Items from a data source:
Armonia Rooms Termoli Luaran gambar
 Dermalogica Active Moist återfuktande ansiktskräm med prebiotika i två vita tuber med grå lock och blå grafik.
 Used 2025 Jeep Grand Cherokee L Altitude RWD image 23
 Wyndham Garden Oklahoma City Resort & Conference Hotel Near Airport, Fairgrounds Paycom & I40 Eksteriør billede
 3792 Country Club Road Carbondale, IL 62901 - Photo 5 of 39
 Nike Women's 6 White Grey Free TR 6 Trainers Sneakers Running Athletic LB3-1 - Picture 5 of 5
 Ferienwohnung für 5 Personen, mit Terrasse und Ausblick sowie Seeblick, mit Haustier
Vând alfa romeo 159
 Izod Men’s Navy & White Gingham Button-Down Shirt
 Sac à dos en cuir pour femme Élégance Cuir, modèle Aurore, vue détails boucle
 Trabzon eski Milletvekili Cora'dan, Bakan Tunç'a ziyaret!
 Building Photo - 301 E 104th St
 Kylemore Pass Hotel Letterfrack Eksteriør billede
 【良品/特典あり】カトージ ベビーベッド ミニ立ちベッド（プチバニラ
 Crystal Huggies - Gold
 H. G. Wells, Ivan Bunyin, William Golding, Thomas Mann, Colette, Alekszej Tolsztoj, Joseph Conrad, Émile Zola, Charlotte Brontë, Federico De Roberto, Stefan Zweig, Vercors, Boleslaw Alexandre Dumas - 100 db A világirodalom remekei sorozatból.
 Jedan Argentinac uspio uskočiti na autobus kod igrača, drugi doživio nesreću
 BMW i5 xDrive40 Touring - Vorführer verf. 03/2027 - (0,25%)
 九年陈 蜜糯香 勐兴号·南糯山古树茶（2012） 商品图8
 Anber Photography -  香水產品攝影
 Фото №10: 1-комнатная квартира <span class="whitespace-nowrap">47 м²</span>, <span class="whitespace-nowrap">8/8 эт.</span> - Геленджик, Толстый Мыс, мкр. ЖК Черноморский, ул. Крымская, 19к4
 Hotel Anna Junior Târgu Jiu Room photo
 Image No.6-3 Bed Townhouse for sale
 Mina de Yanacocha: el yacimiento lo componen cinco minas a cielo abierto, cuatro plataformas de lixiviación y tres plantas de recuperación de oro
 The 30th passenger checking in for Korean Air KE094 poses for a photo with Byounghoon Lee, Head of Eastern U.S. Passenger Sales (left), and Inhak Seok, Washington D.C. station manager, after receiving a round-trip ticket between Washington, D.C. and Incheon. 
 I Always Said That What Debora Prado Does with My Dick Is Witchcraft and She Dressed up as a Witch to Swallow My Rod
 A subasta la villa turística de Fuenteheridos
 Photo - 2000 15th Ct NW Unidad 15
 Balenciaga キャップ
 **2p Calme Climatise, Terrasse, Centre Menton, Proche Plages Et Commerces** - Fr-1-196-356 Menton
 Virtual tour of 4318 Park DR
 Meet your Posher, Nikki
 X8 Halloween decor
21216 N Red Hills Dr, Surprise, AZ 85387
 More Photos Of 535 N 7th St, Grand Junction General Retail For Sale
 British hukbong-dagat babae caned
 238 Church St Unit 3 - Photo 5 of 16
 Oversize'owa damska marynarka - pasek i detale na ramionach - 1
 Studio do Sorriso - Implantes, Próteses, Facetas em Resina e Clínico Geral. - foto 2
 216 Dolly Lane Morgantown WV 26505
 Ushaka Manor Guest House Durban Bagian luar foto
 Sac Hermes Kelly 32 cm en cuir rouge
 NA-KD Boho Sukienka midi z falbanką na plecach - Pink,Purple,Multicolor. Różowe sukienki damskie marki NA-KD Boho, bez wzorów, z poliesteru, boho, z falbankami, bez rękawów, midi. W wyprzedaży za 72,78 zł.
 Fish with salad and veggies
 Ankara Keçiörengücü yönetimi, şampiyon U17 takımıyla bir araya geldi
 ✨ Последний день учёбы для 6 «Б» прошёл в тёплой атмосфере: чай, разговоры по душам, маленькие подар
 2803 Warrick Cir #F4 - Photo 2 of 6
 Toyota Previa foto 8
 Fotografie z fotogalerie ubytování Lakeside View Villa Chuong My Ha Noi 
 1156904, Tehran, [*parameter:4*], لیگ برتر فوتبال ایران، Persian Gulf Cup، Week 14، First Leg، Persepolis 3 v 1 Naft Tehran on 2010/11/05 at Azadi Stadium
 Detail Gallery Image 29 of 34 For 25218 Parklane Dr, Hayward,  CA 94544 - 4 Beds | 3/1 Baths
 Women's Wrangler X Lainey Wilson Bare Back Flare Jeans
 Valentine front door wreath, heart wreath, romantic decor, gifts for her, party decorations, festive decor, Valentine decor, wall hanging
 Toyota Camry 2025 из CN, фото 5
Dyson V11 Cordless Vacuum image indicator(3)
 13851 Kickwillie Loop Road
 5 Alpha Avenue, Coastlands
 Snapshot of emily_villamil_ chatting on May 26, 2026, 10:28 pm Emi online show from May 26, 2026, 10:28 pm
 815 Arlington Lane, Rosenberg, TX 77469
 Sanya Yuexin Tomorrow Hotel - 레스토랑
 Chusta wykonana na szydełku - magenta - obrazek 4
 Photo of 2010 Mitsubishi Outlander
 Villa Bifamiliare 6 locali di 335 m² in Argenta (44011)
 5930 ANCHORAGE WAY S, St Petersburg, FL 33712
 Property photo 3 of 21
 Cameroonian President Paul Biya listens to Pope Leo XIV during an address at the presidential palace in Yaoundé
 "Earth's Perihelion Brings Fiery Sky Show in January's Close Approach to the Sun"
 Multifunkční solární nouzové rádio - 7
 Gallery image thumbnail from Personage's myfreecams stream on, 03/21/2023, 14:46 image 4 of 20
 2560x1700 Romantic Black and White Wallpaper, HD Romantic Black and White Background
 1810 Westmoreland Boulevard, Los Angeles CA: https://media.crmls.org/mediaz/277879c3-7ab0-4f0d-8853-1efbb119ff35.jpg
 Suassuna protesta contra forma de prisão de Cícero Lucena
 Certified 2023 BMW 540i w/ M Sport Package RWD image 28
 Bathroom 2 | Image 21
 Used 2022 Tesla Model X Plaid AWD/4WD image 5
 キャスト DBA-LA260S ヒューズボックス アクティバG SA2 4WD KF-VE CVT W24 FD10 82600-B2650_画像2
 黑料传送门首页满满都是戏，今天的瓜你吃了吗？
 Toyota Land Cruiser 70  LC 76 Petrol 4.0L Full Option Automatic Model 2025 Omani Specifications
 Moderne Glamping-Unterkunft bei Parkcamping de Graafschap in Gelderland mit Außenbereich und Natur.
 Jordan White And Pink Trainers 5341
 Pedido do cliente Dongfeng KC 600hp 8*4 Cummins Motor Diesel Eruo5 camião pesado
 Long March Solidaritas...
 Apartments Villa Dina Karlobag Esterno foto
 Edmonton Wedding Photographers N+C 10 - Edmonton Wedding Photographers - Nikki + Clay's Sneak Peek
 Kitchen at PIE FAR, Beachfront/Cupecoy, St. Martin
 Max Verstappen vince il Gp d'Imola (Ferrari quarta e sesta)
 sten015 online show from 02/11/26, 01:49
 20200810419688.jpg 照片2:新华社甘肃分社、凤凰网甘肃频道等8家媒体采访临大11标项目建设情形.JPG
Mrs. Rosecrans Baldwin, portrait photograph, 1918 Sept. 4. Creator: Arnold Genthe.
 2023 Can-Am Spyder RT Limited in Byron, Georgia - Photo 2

_PROBLEM TO WORK ON_. The number of lines in the data holding the string "Model" is the whole answer.

_EXERCISE OUTPUT_. 2